The rate for those loans was the subject of debate in the Senate last week, as lawmakers considered a compromise that would offer some students lower rates for the next few years but would prescribe higher rates for future classes. The Senate is expected to vote on that compromise this week.

Last year, the average family turned to grants and scholarships to cover 30 percent of college costs. Parents’ income and savings covered 27 percent of the bill and student borrowing covered 18 percent.

“Parents are willing to stretch themselves,” Ducich said “It’s not that they’re willing to pay. It’s that their income is not keeping up.”

Parents’ enthusiasm for college has not shriveled, though. The survey found 85 percent of parents saw college bills as an investment in their children’s future.

“We’re in a new normal where big ticket items like college, families will pay for them but won’t stress about them too much,” said Cliff Young, managing director at Ipsos.

One-fifth of parents added work hours to pay for college and half of students increased their work hours, too. The report found 57 percent of families said students were living at home or with relatives, up from 41 percent last year and 44 percent in 2011.
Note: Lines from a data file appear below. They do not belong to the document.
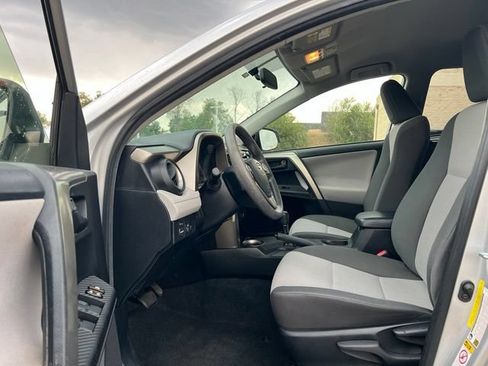 Used 2015 Toyota RAV4 LE FWD image 25
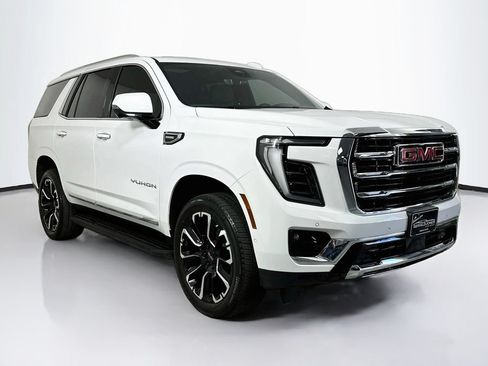 Used 2025 GMC Yukon Elevation w/ Elevation Premium Package AWD/4WD image 2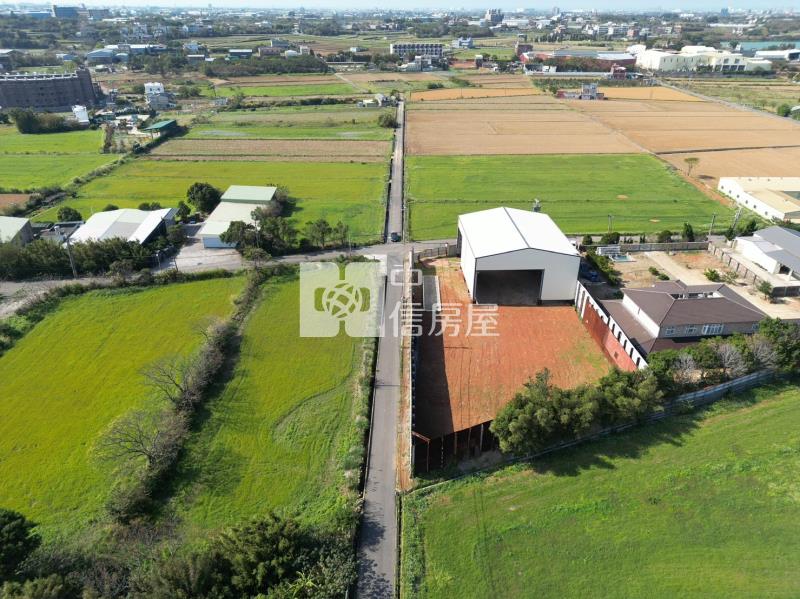 中壢山東雙面路鐵皮倉庫用地房屋室內格局與周邊環境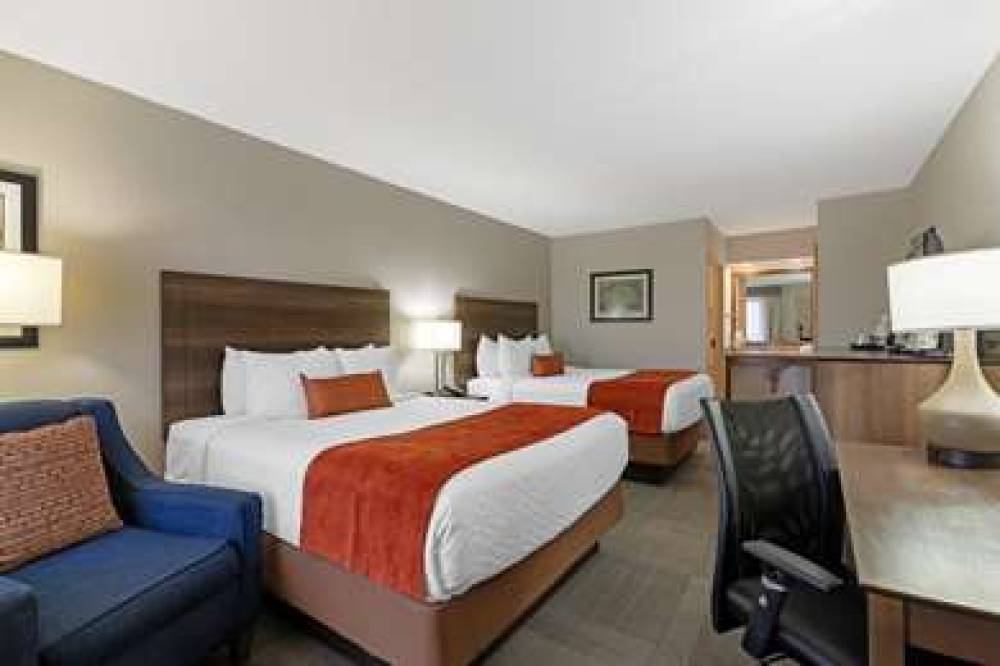 BEST WESTERN Colonial Inn 6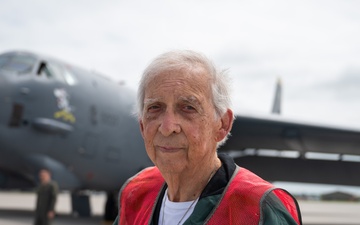 93-year-old retired veteran pilot revisits the B-52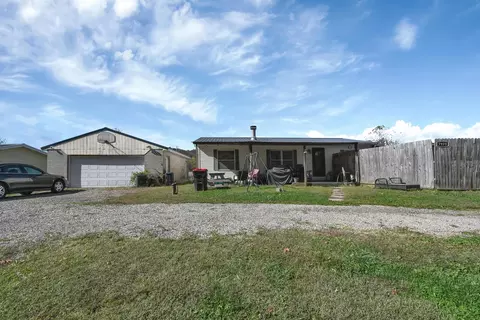 7979 Old River Rd, Philo, OH 43771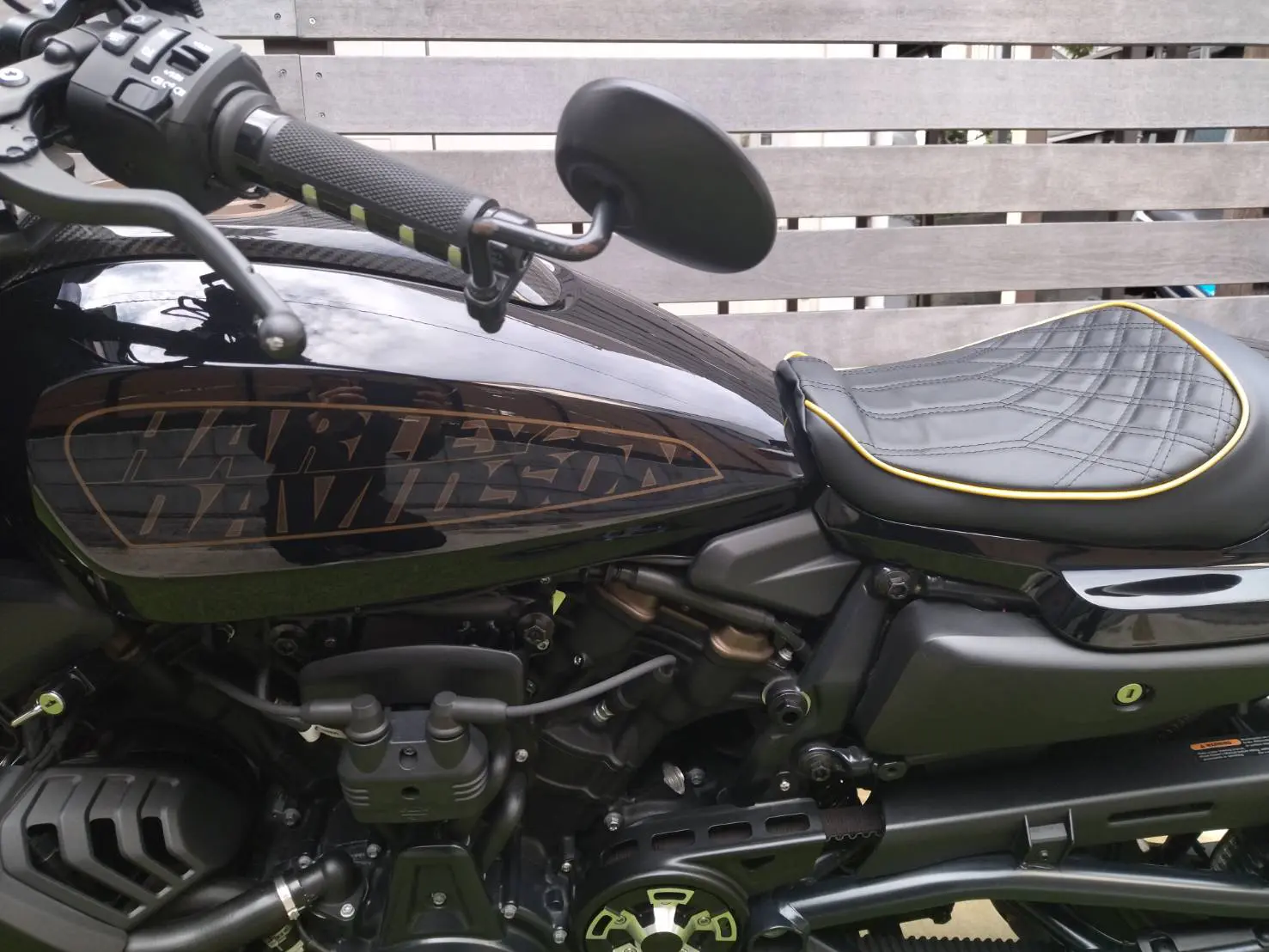 DA3EAFC4-520D-4802-97D3-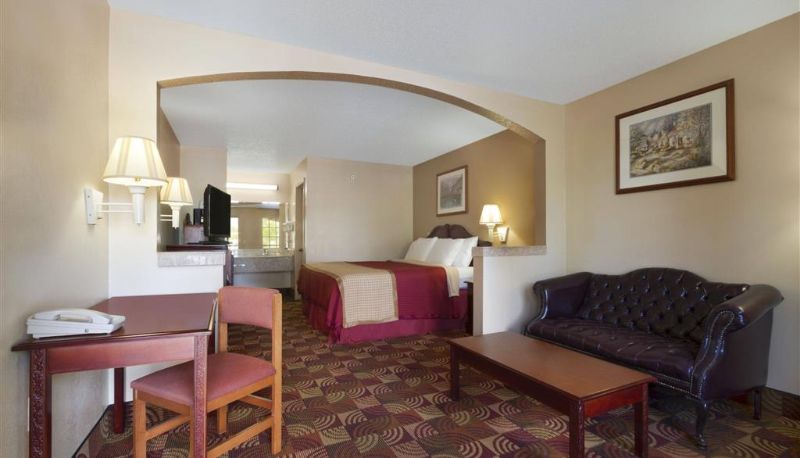 Pokój - Days Inn & Suites by Wyndham Tuscaloosa - Univ. of Alabama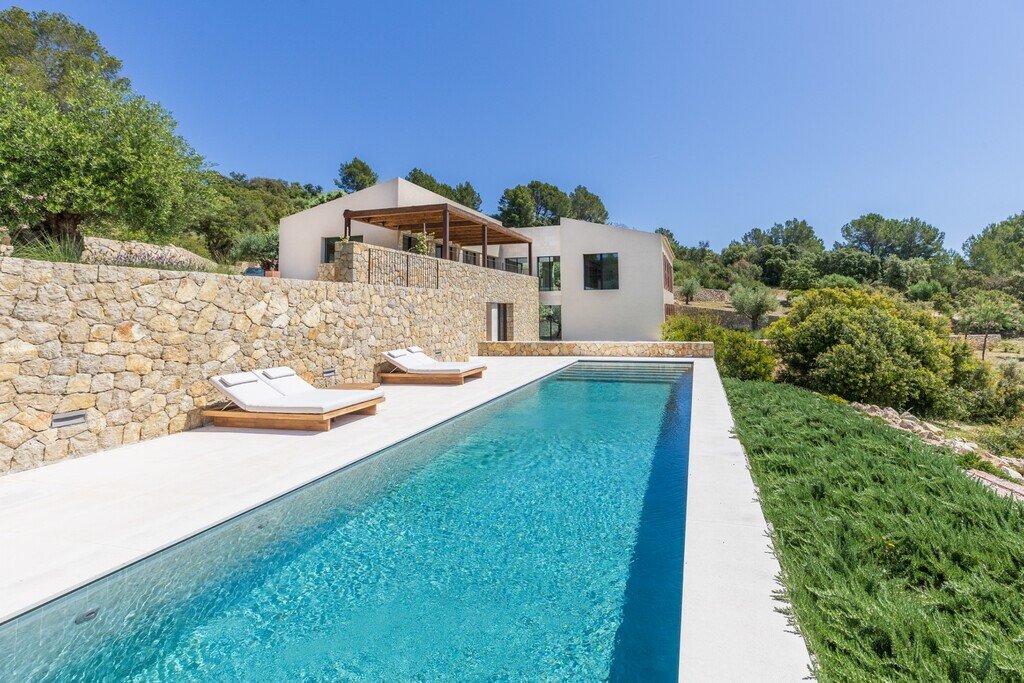 Villa in Alcudia, Balearic Islands, Spain 4 - 17851524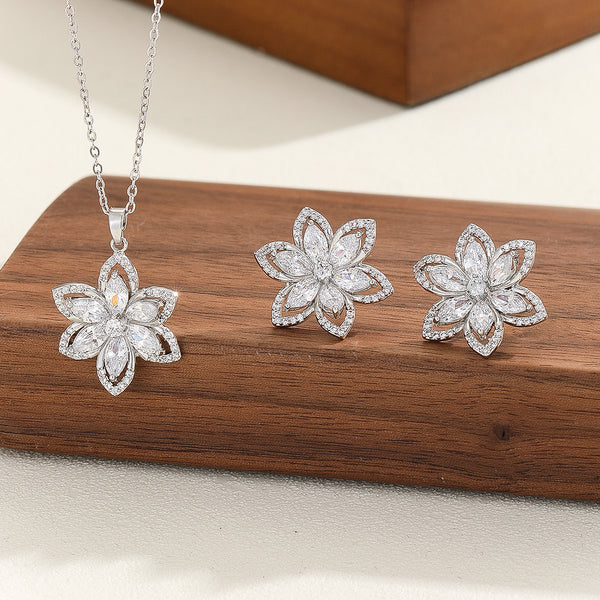 Dazzling Fleur Silver Pendant Set - Reet Pehal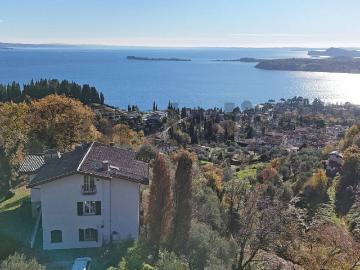 Villa in vendita a Gardone Riviera BS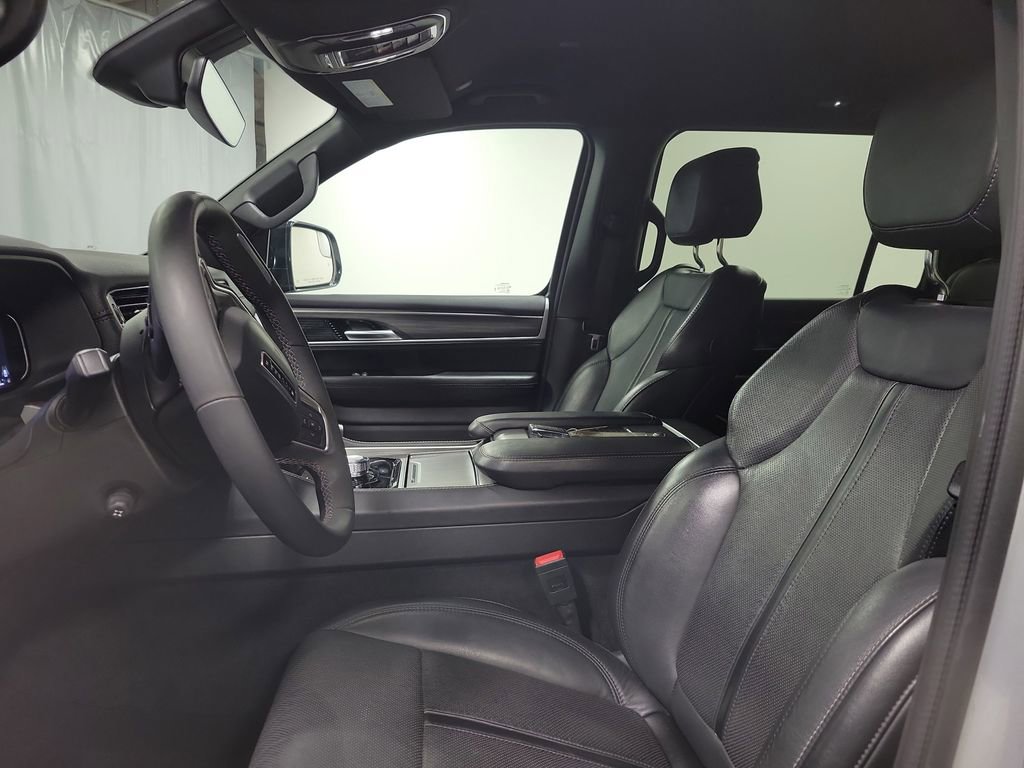 Used 2024 Jeep Wagoneer L Series II w/ Flexible Seating Group AWD/4WD image 12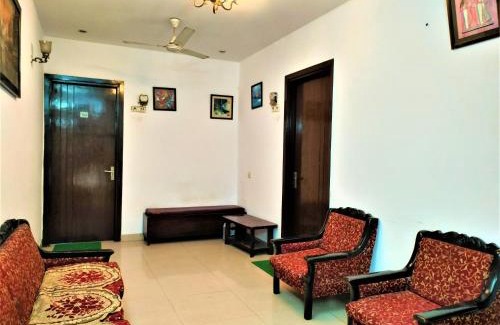 Jangpura House | Hotel White Palace,Nizamuddin Railway Station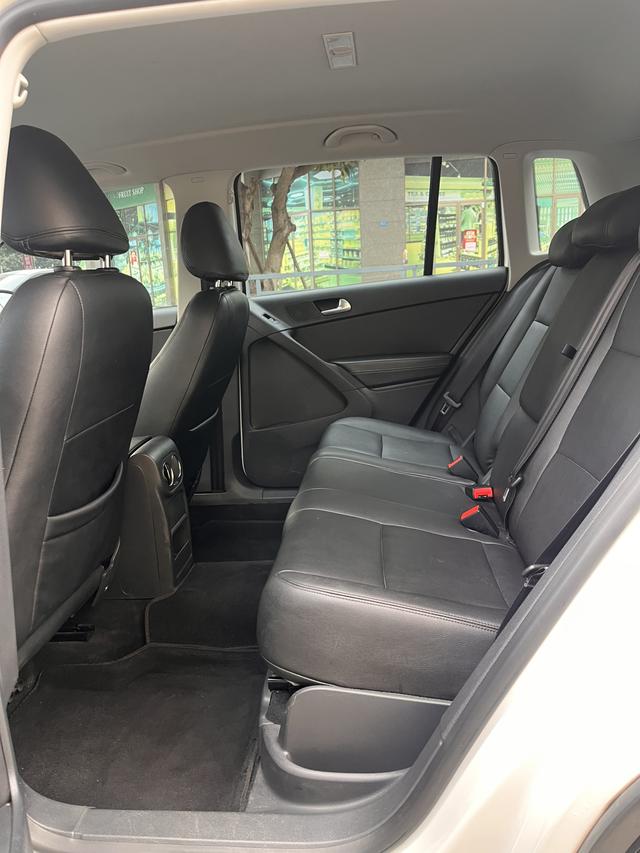 Certificated Pre-Owned Tiguan 2017 300TSI Automatic Two-Wheel Drive Silk Road Fashion Edition - u22639509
Among other strategies employed to deal with costs:

– One-fifth of students from low-income families chose to transfer to less expensive schools.

– About one-fifth of students said they changed majors to fields that were expected to be more marketable upon graduation.

– In all, 67 percent of students and their families eliminated colleges at some stage during the application process because of costs, up from 58 percent in 2008.

“It forced them to adopt new behaviors of savings and ways to find nickels and dimes,” Young said.

The tuition sticker price at public four-year colleges is up 27 percent beyond overall inflation over the last five years, according to the latest figures from a separate study from the College Board. This past year it rose nearly 5 percent to an average of $8,655 nationwide. Including room and board, the average sticker price at public colleges is now $17,860, and students pay on average $12,110. At private four-year colleges, the average full tuition price is now just under $40,000, with the average student paying $23,840.

What does that mean for the average college student?

About two-thirds of the national college class of 2011 had loan debt at graduation, and their debt averaged $26,600, according to the most recent figures from the California-based Institute for College Access and Success. That was an increase of about 5 percent from the class before them.

The Ipsos telephone poll was conducted between April 10 and May 9 with 1,802 parents of undergraduate students and 800 18- to 24-year-old undergraduate students. The survey has a margin of error of plus or minus 2.5 percentage points.